Anonymous wrote:Have you always been this good or was there a learning curve? I'm wondering if you had to work and invest time into becoming a great, involved partner and dad or if it just came naturally.
Oh wow another good question. No there actually was a big learning curve in many ways. I got married young, at 25, and I was pretty immature in a variety of ways. For one, I wasn’t comfortable with myself sexually and I think I relied too much on alcohol or THC to be comfortable enough to have sex. At the beginning of our relationship I wasn’t very forward thinking, and didn’t have a big plan in place for the future in terms of kids, a house, choosing a place to live, saving money, etc. Luckily for me my wife was very organized at this time and due to a rough childhood with family and financial issues she was very attuned to that stuff. She basically created the life plan which we are living today, and she had that all planned out in our late 20s, which I am very thankful for.

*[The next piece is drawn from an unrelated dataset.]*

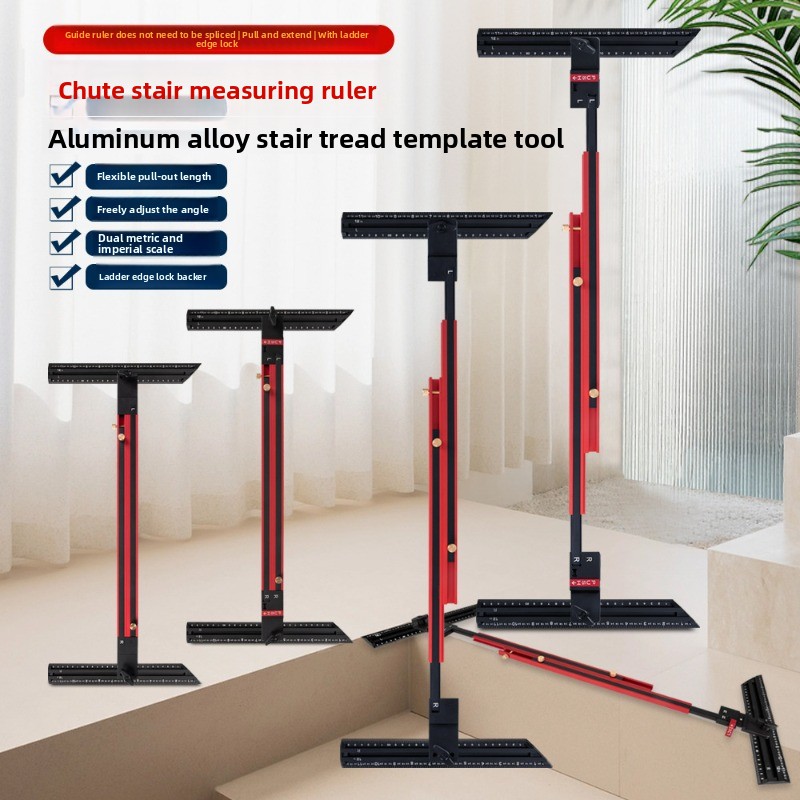 Treppenlineal aus Aluminiumleg – Home Improvement And Tools Bewertung und Preis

I think the conflict piece was already in place because I’ve always been good at controlling my emotions and not overreacting and we never really had big fights or arguments.
The being a father part did take work. I felt like with babies I just didn’t know how to stop the crying when our kid was colicky and that really made me frustrated and felt like I wasn’t a good parent. The same thing happened with my son when he was 2-3. He was very difficult, always upset about something and I would get so frustrated. There were a lot of moments when I felt very much less than. It took a lot of time and practice and trial and error for me to find myself as a father and to come at these difficult situations from a place of love and humility.
Also the worrying about health piece with the kids needed some work. When I felt like I perhaps made the wrong decision about taking kids to the doctor or not, or maybe I did something to get them sick, that would cause me a lot of anxiety. But I have worked to get that under control and it is.